CES 2015: Is VR about to become a reality?
The Consumer Electronics Show (CES) in Las Vegas is a great place for spotting technologies bubbling under, poised for the breakout moment that will take them from being a sideshow to the main event.
In 2014 it was wearables, and in 2015 it might well be virtual reality (VR).
CES 2015 has seen a series of announcements and demonstrations that suggest the technology is nearing maturity and mass-market adoption.
Keynotes from Sony, Samsung and Intel all referenced VR and the way it might change how we consume some media.
Oculus Rift, the poster child for the consumer VR movement, demonstrated its latest update to its headset, called Crescent Bay, to press and its partners.
In addition, said attendees, the company's headsets were in use on lots of stands to demo other firms' technologies.
Razer, better known for its video gaming peripherals, used CES to announce its Open Source Virtual Reality initiative.
This is sharing the designs and development work Razer has done on VR with anyone that wants it to help it finalise and perfect a headset that anyone can use.
Separately, London-based 3D Head used the show to unveil its own VR headset.
Also in Vegas was Virtuix, which pairs an Oculus headset with a treadmill and harness to give people, usually gamers, as immersive an experience as is possible.
Its contraption is on sale now for $499 (£330).
Does this all mean that VR is now ready to go mainstream?
No, said Stuart Miles, founder of gadget news site Pocket-Lint.
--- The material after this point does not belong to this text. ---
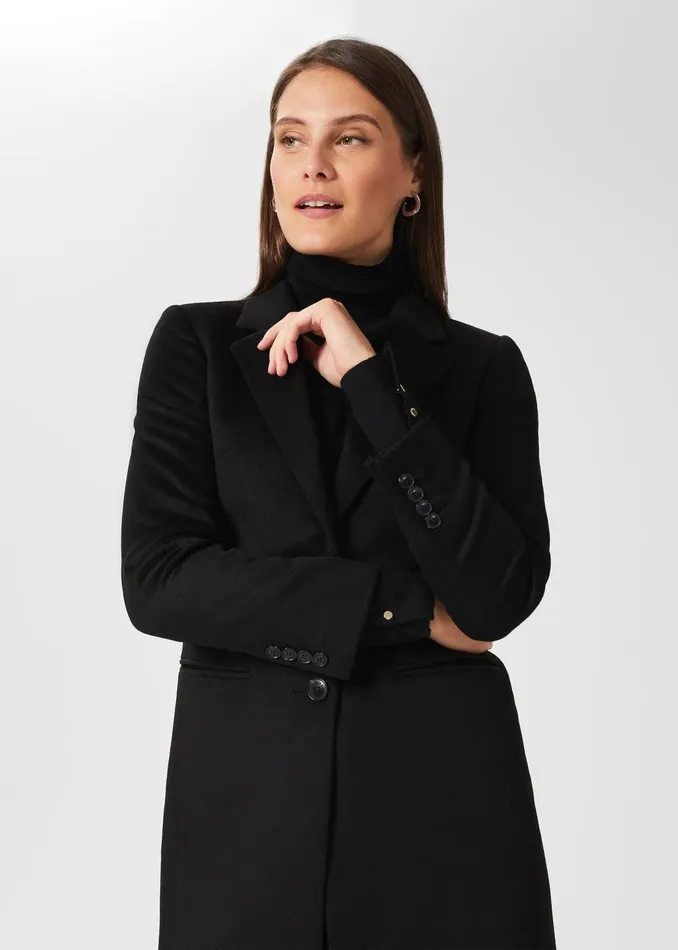 Womens Petite Tilda Wool Coat Black Hobbs Coats and Jackets On Sale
"Last year lots of people were using Google's Glass to show what was possible, but they didn't know why they were using it," he said. "This year the same was true of VR."
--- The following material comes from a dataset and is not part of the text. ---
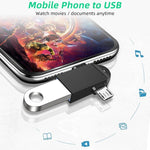 Adaptador OTG Multifuncional USB 3.0 Fêmea para USB-C / Tipo-C Macho + Micro USB Macho com Orifício para Correia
The headsets might be visible on stage and stands, he said, but most were not exploiting its true potential.
"There's a real feeling that people want it to work but are not 100% sure why," said Mr Miles.
Analyst Piers Harding-Rolls, from consultancy IHS, was also sceptical about the immediate future of VR.
"It will stay relatively niche because it still has several technological hurdles to overcome," he said.
"A lot of people that have tested the current headsets, a good proportion of them have not enjoyed the experience.
"It can make them feel woozy and sick, and the manufacturers really have to overcome that," he said.
What also needed to be sorted out was how to control a person's actions when they were playing a game via a headset.
"There's no solution yet to controlling yourself in a game that does not remove you from the game and break that sense of immersion," he said.
There was no doubt, he added, that 2015 would be the year when a lot of development was done on the technology but user numbers would remain small and most of those would be gamers.
"The people that are willing to invest early on in the technology are those hard-core gamers," he said.
Increasing numbers of games, such as Elite Dangerous, were being optimised for use with a VR headset, he said.
Mr Harding-Rolls was also sceptical about using a VR headset to watch movies, not least because super high-definition screens were starting to appear in large numbers.
For Mr Miles, from Pocket-Lint, some of the innovative uses for VR were happening away from the tech show.
Movie companies were starting to use headsets as a different way to promote some of their films, he said.
Fox was using a specially made sequence for its film Wild that put a person in the centre of a woodland scene with the film's star Reese Witherspoon.
Hi-tech firm Jaunt had created a similarly immersive experience for the third Hobbit movie, he said.
The Sundance film festival, which takes place in late January, is also expected to feature a whole series of movies and artworks that try to use VR to tell stories in a different way.
One "immersive experience" prepared for the festival puts VR users in the middle of a fight between two giant monsters.
Another is more subtle and revolves around the intimacy VR can bestow to give different viewpoints of the same incident and pose questions about how conflict and misunderstandings can arise.
Such experimentation was helping to solve one of the other obstacle VR must overcome, said Mr Miles.
"It has the same problem as 4K," he said. "There's just no content for it."
Despite this, CES was giving hints as to how VR might develop.
The 2015 show had seen the debut of several cameras that shoot panoramic video, he said. And using VR might be a great way to show the all round shots to friends and family.
For the moment, though, VR's future is still a little virtual.